Using the techniques described in Bauer et al. (2012, 2015), we can estimate the dust temperature and $\epsilon \,f\rho$ values using the W3 and W4 signals. As in Bauer et al. (2012, 2015), we performed thermal fits to the dust coma region, deriving fitted dust temperatures of 239 K for VB and 213 K for VC. These fitted temperatures were used to calculate the factor $\epsilon f\rho$, which is used quantify the amount of dust present in the coma (Lisse 2002; Bauer et al. 2012; Kelley et al. 2013) and is an analog at infrared wavelengths to the quantity ${Af}\rho$ (A'Hearn et al. 1984) that is frequently derived at visual wavelengths. Table 2 shows the results of the dust temperature and $\epsilon f\rho$ modeling. The $\epsilon f\rho$ values for VB and VC were 132 ± 10 cm and 15 ± 1 cm, respectively. The $\epsilon f\rho$ values derived for C/2010 L5 are somewhat lower than have been reported for other long-period comets (Bauer et al. 2015). ${Af}\rho$ values for 3.4 μm can be calculated from the W1 flux, and were found to be 43 ± 3 cm for VB. Assuming the same particles contributed to the W1 flux as to the W3 and W4 fluxes, the maximum reflectance would be given by the ratio of the ${Af}\rho$ and $\epsilon f\rho$ values, multiplied by the emissivity, yielding at most 30% reflectance for the grains. This is an upper limit to the reflectance, since, due to the dependence of scattering efficiency on wavelength, additional smaller particles may contribute more to the flux at shorter wavelengths (Bauer et al. 2008). For VC, ${Af}\rho \sim 1\,\mathrm{cm}$ (1σ detection in W1), implying a grain reflectance ∼0.07 or less.

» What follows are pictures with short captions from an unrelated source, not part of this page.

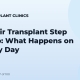 FUE Hair Transplant Step by Step: What Happens on Surgery Day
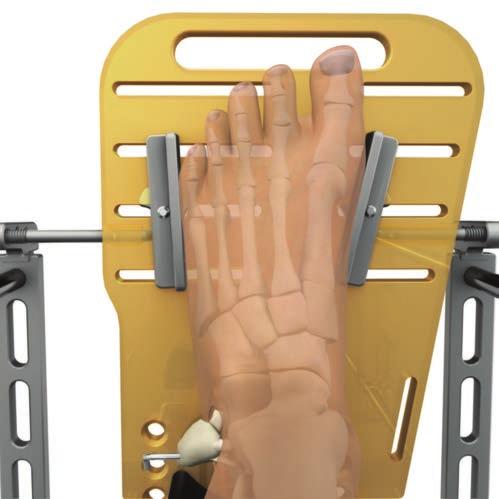 (Fig. 24). Be sure that the Foot Plate Brackets are attached at the appropriate slots in the Foot Plate.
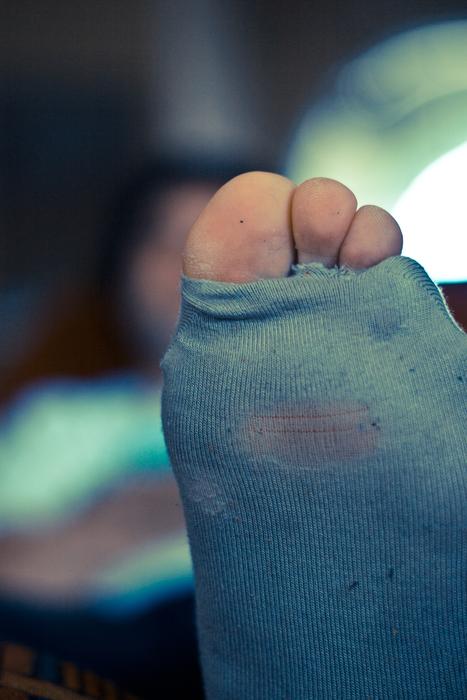closeup view of Holes Socks Toes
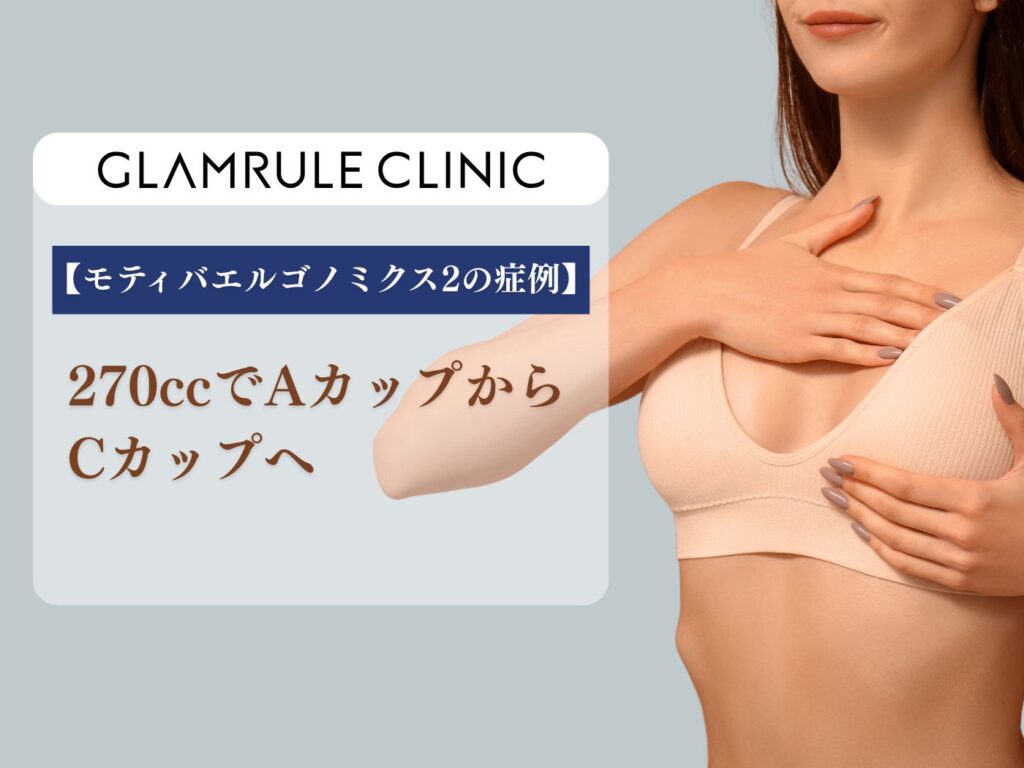 モティバエルゴノミクス2　270cc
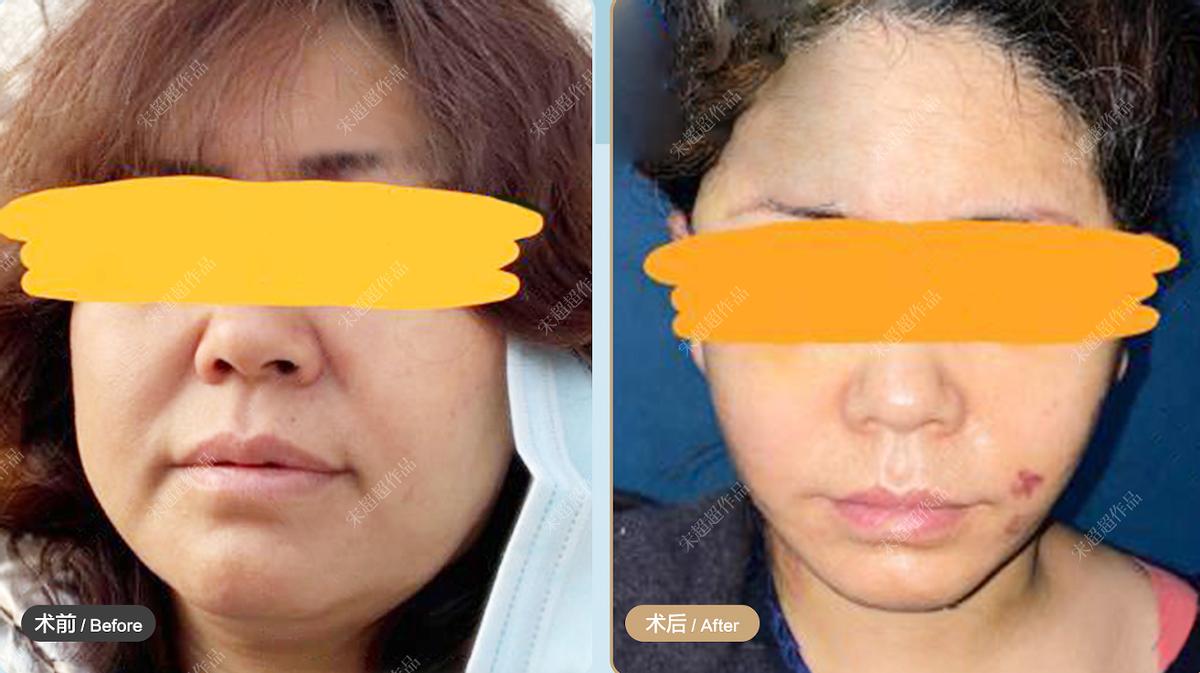 面部平整度是什么意思,怎样提高面部平整度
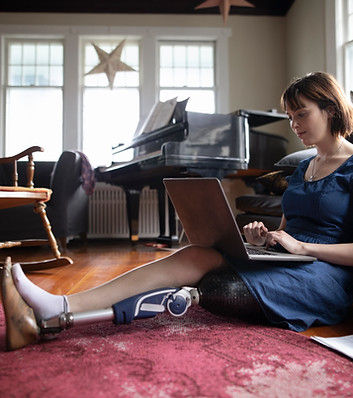 Woman with Amputee Using Laptop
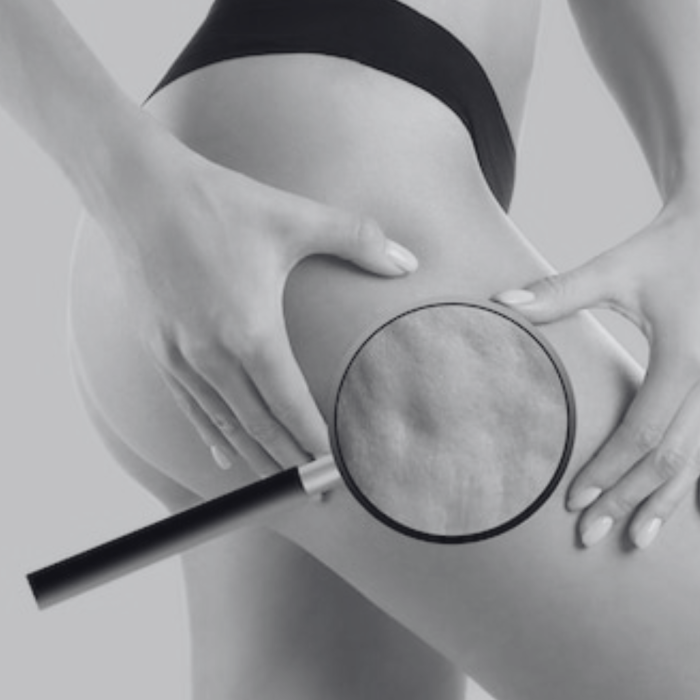 Cellulite treatment (1)
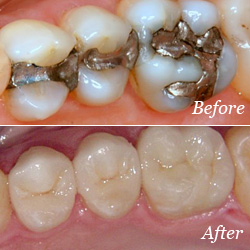 Dental Crown Baltimore MD, Crowns Teeth, Porcelain Crowns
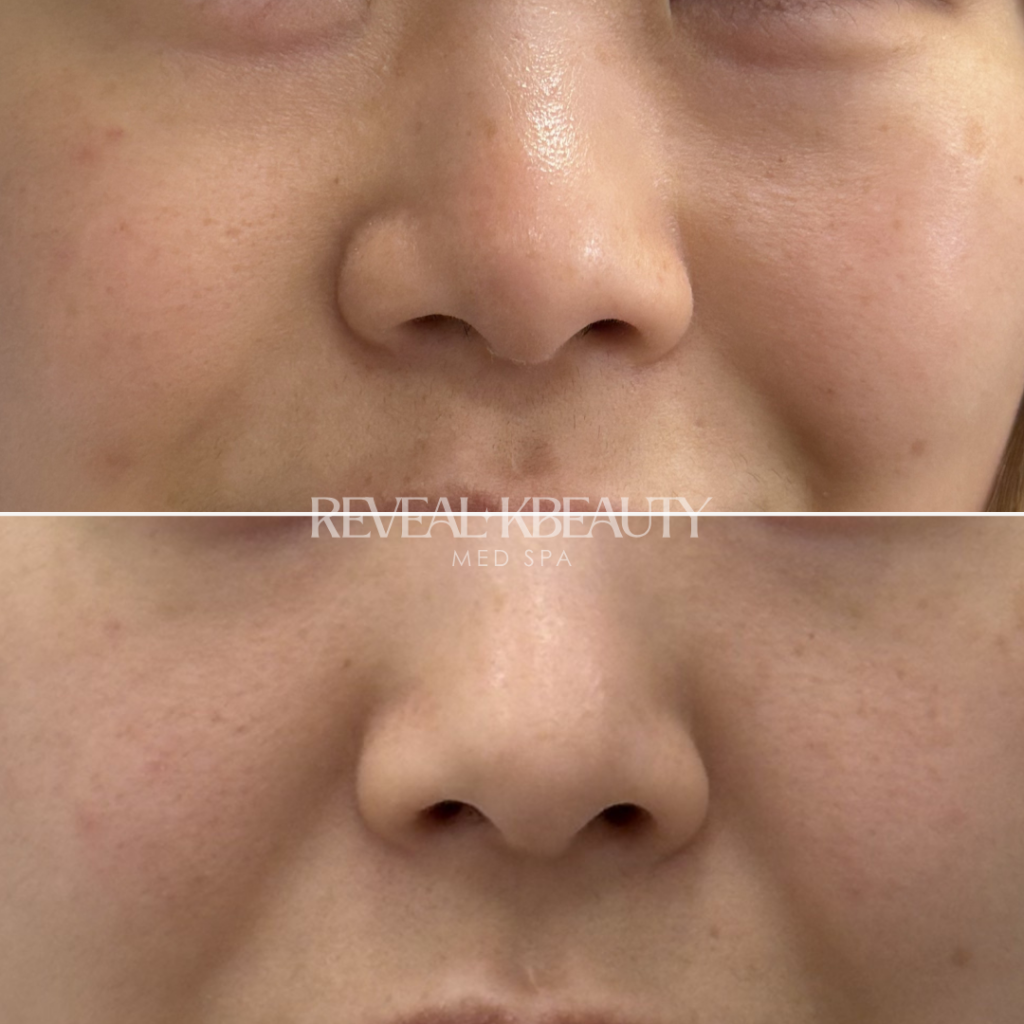 Nose Slimming with tox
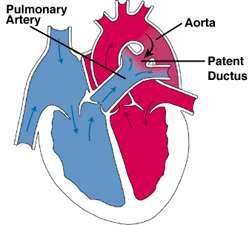 Ανοιχτός Αρτηριακός Πόρος Patent Ductus Arteriosus (PDA) Φυσιολογικά ο αρτηριακός πόρος συγκλείνει λίγο μετά την γέννηση.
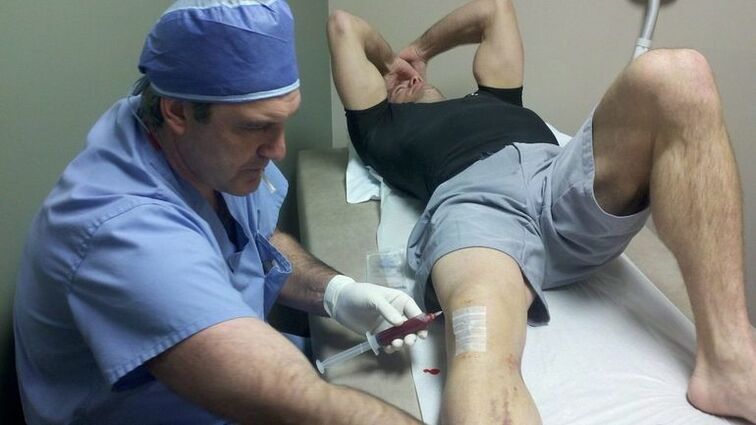 Tratamiento de la artrosis de la articulación de la rodilla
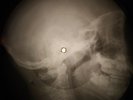 Doors - Break On Through X-RAY OF THE USSR X-RAY BONE RECORDING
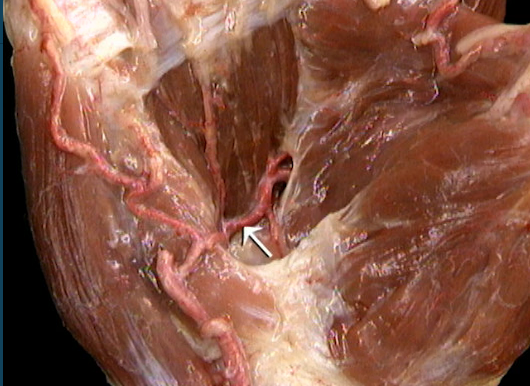 <p>Diep, handpalm</p>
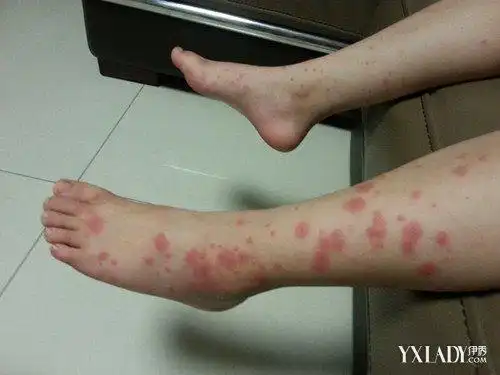 螨虫过敏症怎么防治? 6大防治手段介绍给你们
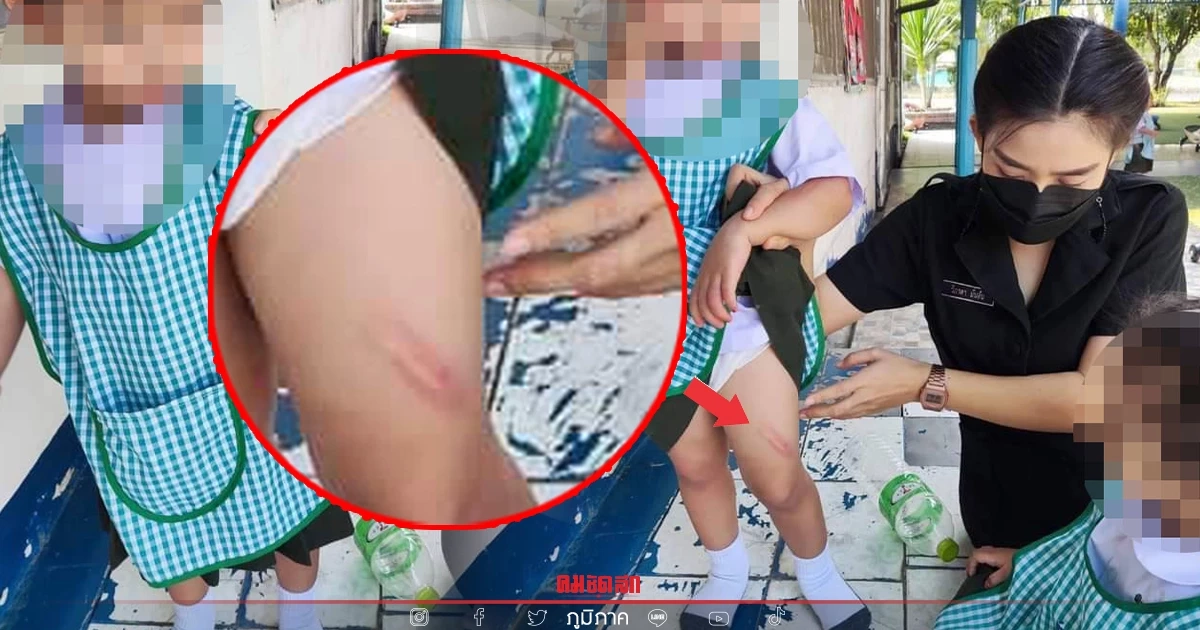 แม่สุดทน แจ้งจับ "พี่เลี้ยง"  ตีลูกสาววัย 2 ขวบ เป็นรอยแผลเขียวช้ำทั่วตัว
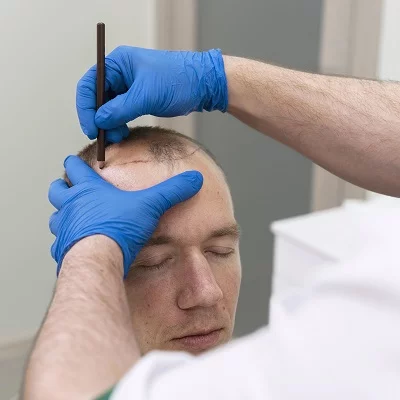 Does Hair Transplant Surgery Leave Scars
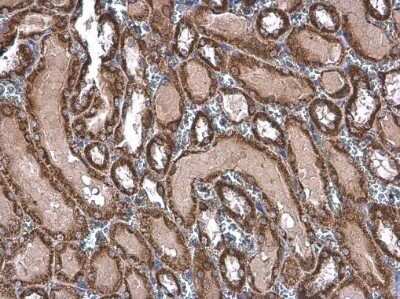Immunohistochemistry-Paraffin: TOMM20 Antibody [NBP3-13287]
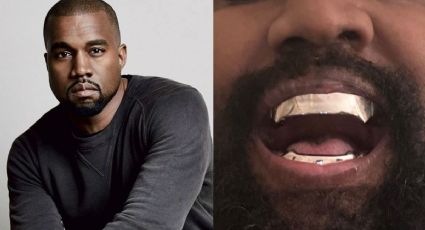 ¿Kanye West se quitó los dientes? aparece con dentadura de casi un millón de dólares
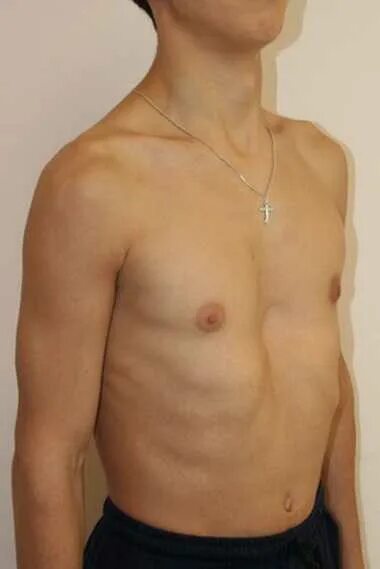 Воронкообразная деформация грудной клетки. Воронкообразная деформация грудной клетки у ребенка 2 года. Выпирает грудная клетка. Выпирают ребра у мужчины. Выпирает ребро с левой стороны.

The rate of dust production can be derived from fρ values using the formula adapted from Bauer et al. (2008):

$$\begin{eqnarray}&&{Q}_{\mathrm{dust}}=\epsilon f\rho \left(\displaystyle \frac{(4/3)\pi {a}^{3}{v}_{\mathrm{ej}}{\rho }_{d}}{\pi {a}^{2}\epsilon }\right)\end{eqnarray} \tag{ 1 }$$

where a is the mean grain radius (∼0.03 and 0.1 cm for VB and VC, respectively), ρ_d is the grain density (∼1 g cm⁻³), is the average grain emissivity (∼0.9), and v_ej is the ejection velocity. From Stevenson et al. (2015) we extrapolate v_ej to be ∼1.1 km s⁻¹ at 1.2 au and ∼0.9 km s⁻¹ at 1.6 au, yielding dust production rates of 23,000 and 2100 kg s⁻¹ for VB and VC, respectively.

The morphology of cometary comae, tails, and trails can be used to derive physical properties of their constituent grains such as size distribution, grain speeds, activity history, and dust production rate. Due to the limitations of this particular data set (low spatial resolution, lack of observations over a long time span, short exposures, and mosaicked images causing temporal averaging over the comet's rotation period), we have chosen to employ syndyne–synchrone modeling, based on the Finson–Probstein method (Finson & Probstein 1968) rather than a more complex Monte Carlo modeling technique (e.g., Moreno et al. 2012). While the syndyne–synchrone technique has some serious limitations, in particular the assumption that the particles have zero initial velocity relative to the nucleus, it has been successfully used recently to place useful constraints on the size and emission date of cometary dust (e.g., Kraemer et al. 2005; Reach et al. 2007; Bauer et al. 2012; Stevenson et al. 2012; Jewitt et al. 2013; Kelley et al. 2013; Hainaut et al. 2014; Hui & Jewitt 2015). Further justification for this approximation is given in Section 4.1.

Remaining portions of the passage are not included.